The Pictet Group today released unaudited figures for the full year 2016, ahead of the publication of the full annual report at the end of April 2017.
For the calendar year ended 31 December 2016, the Pictet Group reported a 2% rise in operating income to CHF 2.177 billion, and a 7% fall in consolidated profit to CHF 422 million.
Assets under management or custody amounted to CHF 462 billion at 31 December 2016 (up CHF 25 billion from 1 January 2016). For the full year, net new money reached CHF 12.4 billion.
The core tier 1 capital ratio is 20.4% (based on CHF 2.16 billion of core tier 1 equity, which is the strongest form of equity), while the liquidity coverage ratio is 166%, both at 31 December 2016.

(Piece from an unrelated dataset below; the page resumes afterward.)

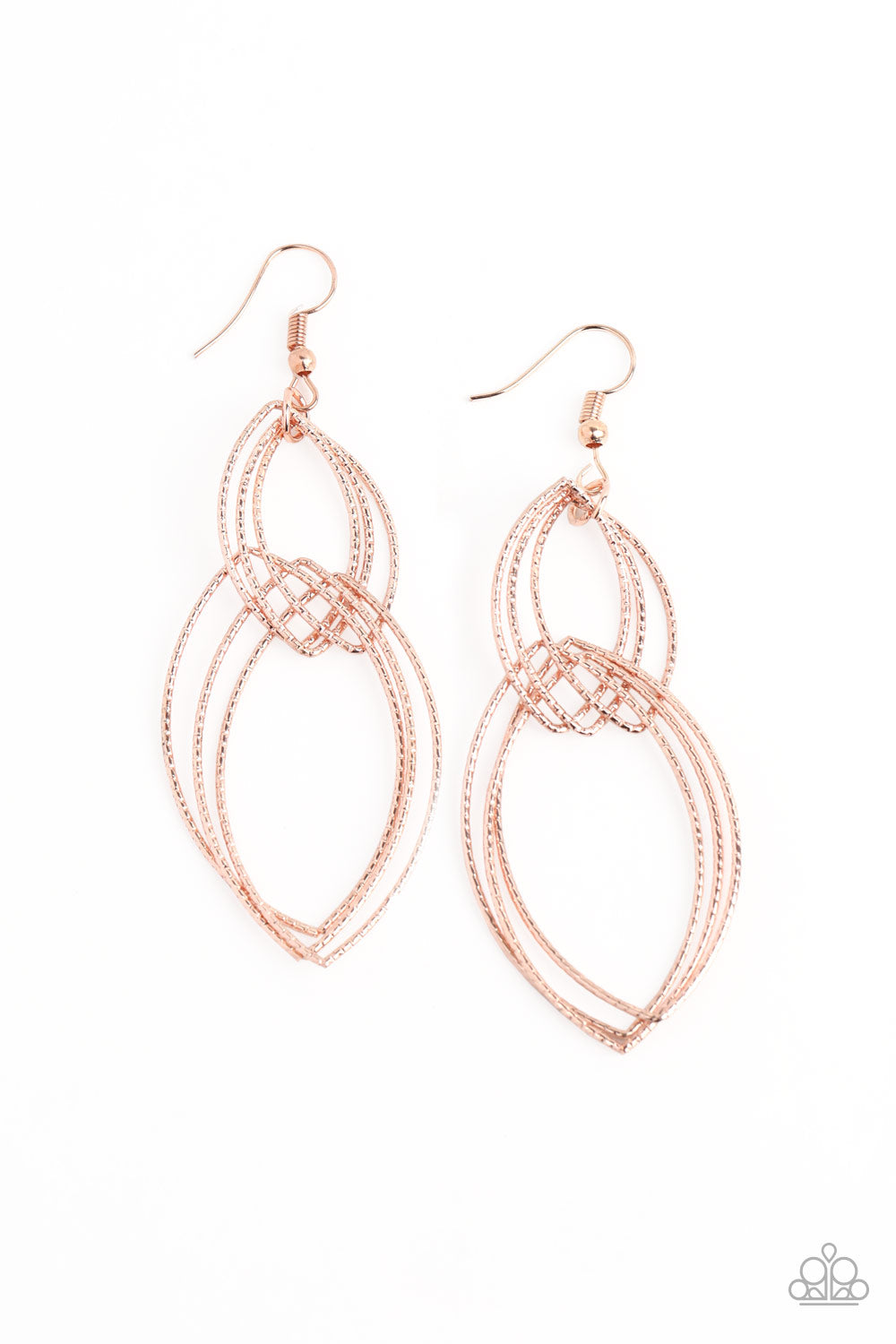 Endless Echo - Rose Gold Earring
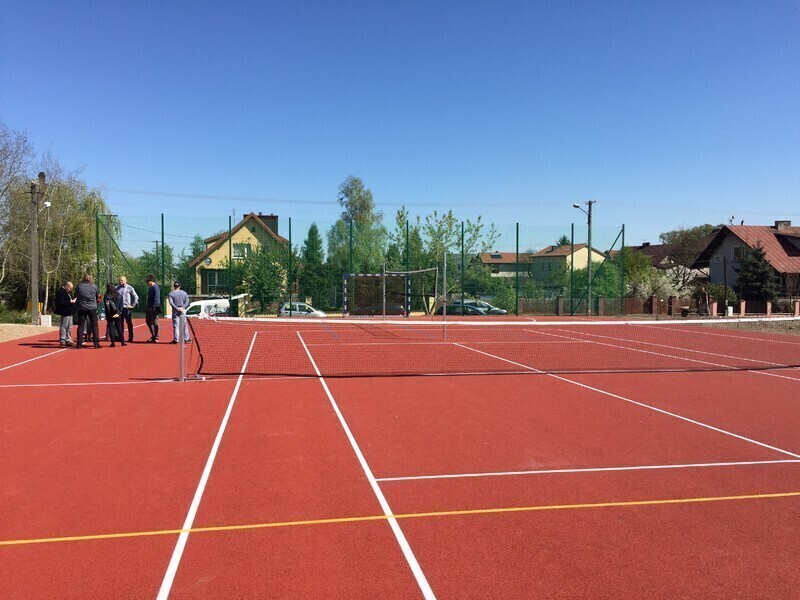 Zdjęcie 8: Odbiór techniczny boiska przy Ceramicznej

Pictet’s ratios compare with the minimum 4.5% core tier 1 capital ratio and the minimum 100% liquidity coverage ratio required by Basel III. Pictet’s Swiss regulator FINMA requires a minimum core tier 1 capital ratio of 7.8%.
Commenting these figures, Nicolas Pictet, senior managing partner, said, "In 2016 we have seen encouragingly strong net inflows of new money on both the wealth and the asset management side, and although market conditions remain demanding, we believe we are in a strong competitive position."